The French producer Marco Cherqui, known for his work on Jacques Audiard’s acclaimed film A Prophet, is set to produce a new four-part television drama titled La Petite for France 2. The project will move into production in six weeks and brings together a creative team that mixes television and film experience. Direction is assigned to Antoine Garceau (known for Call My Agent!) while the scripts are penned by writer Emmanuelle Michaud (credits include Vendetta and La Terre et le sang). Leading the cast, Pauline Parigot plays a police detective tasked with unraveling the killing of a young woman in northern France.
Creative teams and production context
Production will be handled by CPB Films, which now operates under the umbrella of Incognita Films, run by Édouard de Vésinne. Cherqui positions the limited series within a lineage of socially grounded true-crime dramas, evoking titles such as Laetitia and L’Affaire Laura Stern. The intention is to confront the issue of violence against women while also using the case to reflect larger societal frictions. Cherqui has described the tone as a combination of measured thriller mechanics and emotionally driven storytelling, aiming for a show that privileges character and context over sensationalism.
Storyline and thematic focus
La Petite unfolds in a provincial town where two families raise their children with the unspoken expectation that the youngsters will one day become a couple. As the pair matures, a teenage romance blooms, but the young woman eventually rejects the path that has been laid out for her. Her refusal to accept that predetermined future becomes a catalyst: the young man struggles with the breakup, and after his death in what is initially described as an accident, his mother refuses to accept that account. The narrative then pivots to the murder investigation into the young woman’s death.
How the investigation frames the drama
The inquiry led by the detective played by Pauline Parigot exposes a sequence of events shaped by obsession, grief and the social cost of a woman asserting her autonomy. Rather than presenting an immediate solution, the series examines motives and community dynamics, allowing the audience to trace how small, personal choices metastasize into tragedy. The creative team aims for a restrained pacing that foregrounds emotional complexity and the long reverberations of loss, rather than relying on jump scares or overt genre signposting.
Production approach and tonal ambitions
Behind the scenes, Cherqui and CPB Films emphasize a production approach designed to preserve subtlety. The series is described as blending emotional storytelling with a restrained thriller structure, using police procedure as a lens to examine family expectations, communal pressure and gendered violence. Filming in a regional French setting is intended to root the story in a specific social texture: the landscape and small-town rhythms are treated as active elements in the drama rather than mere backdrops.
Casting and creative signals
With Pauline Parigot anchoring the investigation, the series is positioned to center the detective’s perspective while revealing how different community members react to the unfolding tragedy. The casting and crew choices signal a desire for naturalistic performances and an atmosphere of quiet tension. The show will be presented as a compact four-episode arc, which the producers say allows for a focused exploration of motive, responsibility and the consequences of resisting imposed life plans.
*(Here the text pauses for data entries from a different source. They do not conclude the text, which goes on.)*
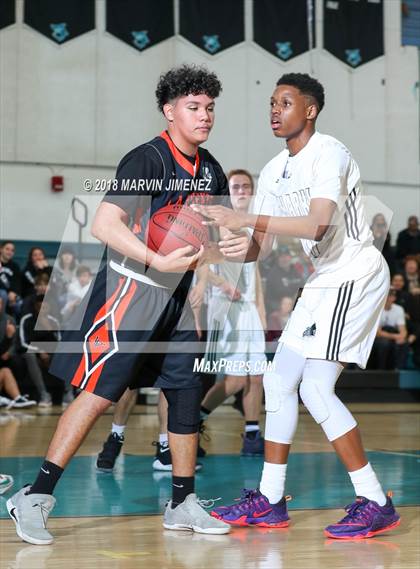Thumbnail 2 in La Puente vs. Malibu (CIF 5AAA 3rd Round Playoff) photogallery.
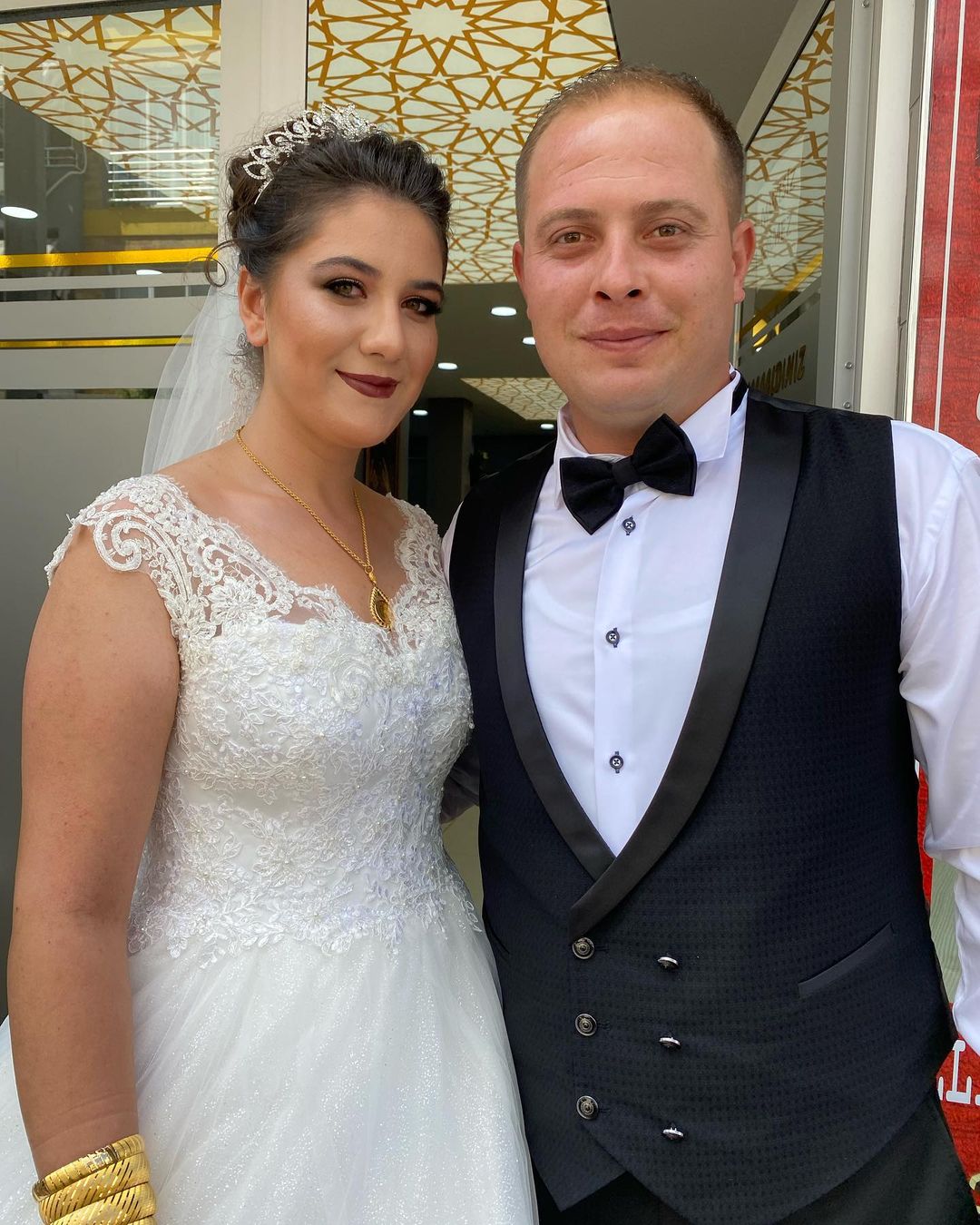 Robe de mariée simple longue en tulle avec dentelle, coupe évasée et col en V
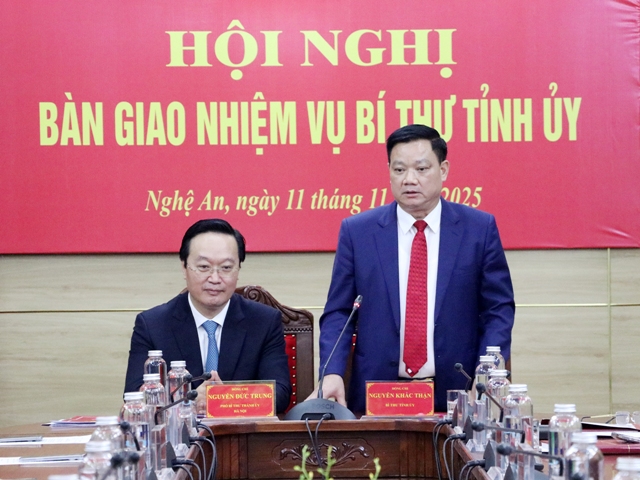 Bí thư Tỉnh ủy Nguyễn Khắc Thận phát biểu tại lễ bàn giao nhiệm vụ.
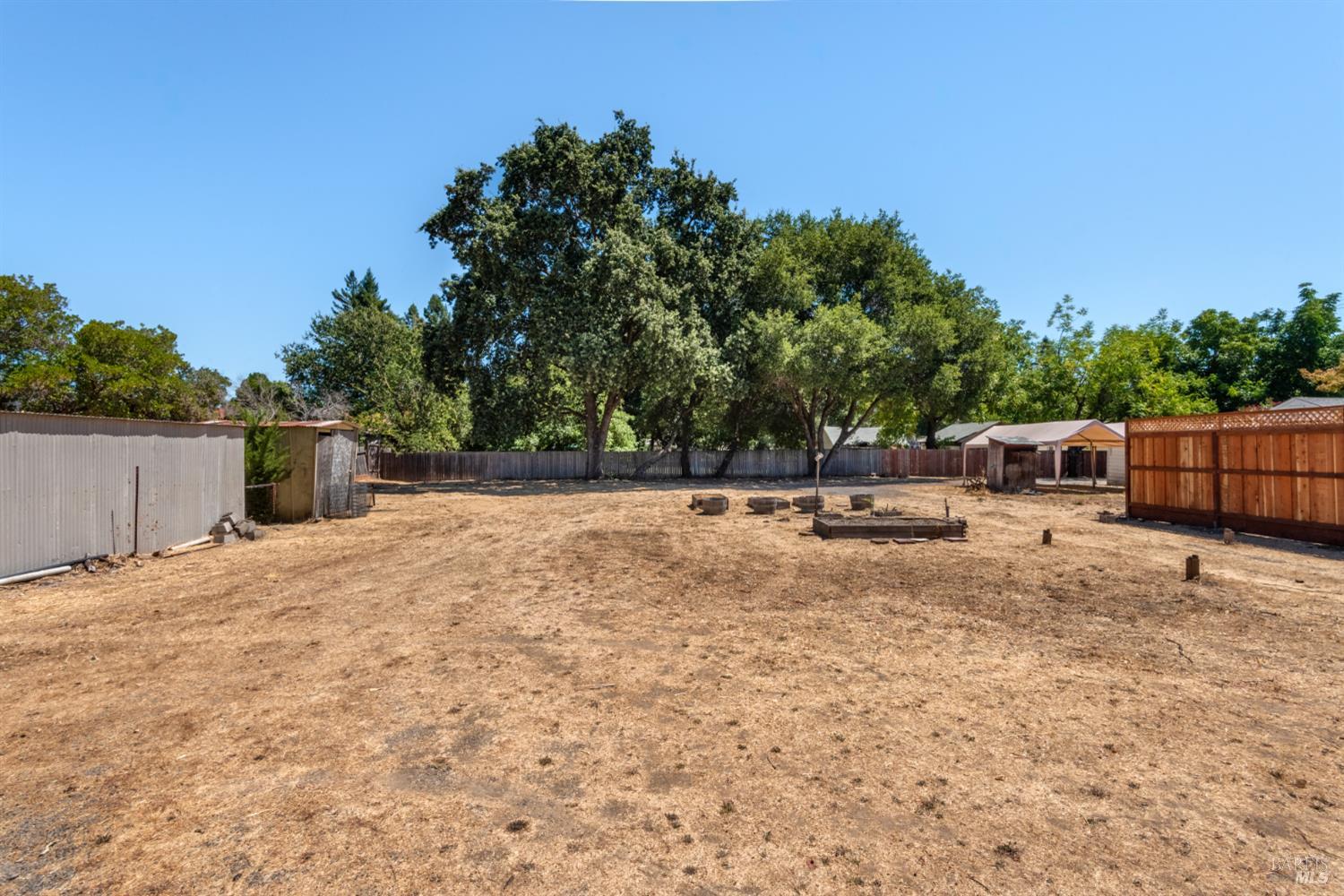 Detail Gallery Image 2 of 34 For 2311 Guerneville Rd, Santa Rosa,  CA 95403 - 3 Beds | 1 Baths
CPB Films’ parallel project: A Prophet season two
Alongside La Petite, CPB Films is also developing a second season of the television adaptation of A Prophet. The company will reunite with Italian director Enrico Maria Artale for the new installment. The series, inspired by Jacques Audiard’s original film and developed by writers Abdel Raouf Dafri and Nicolas Peufaillit, premiered at the Venice Film Festival and subsequently aired on Canal+ in France, with Studiocanal handling international sales. The storyline follows Malik (played by Mamadou Sidibé), a young African immigrant navigating survival inside a French prison, where he forms a consequential relationship with Massoud (played by Sami Bouajila).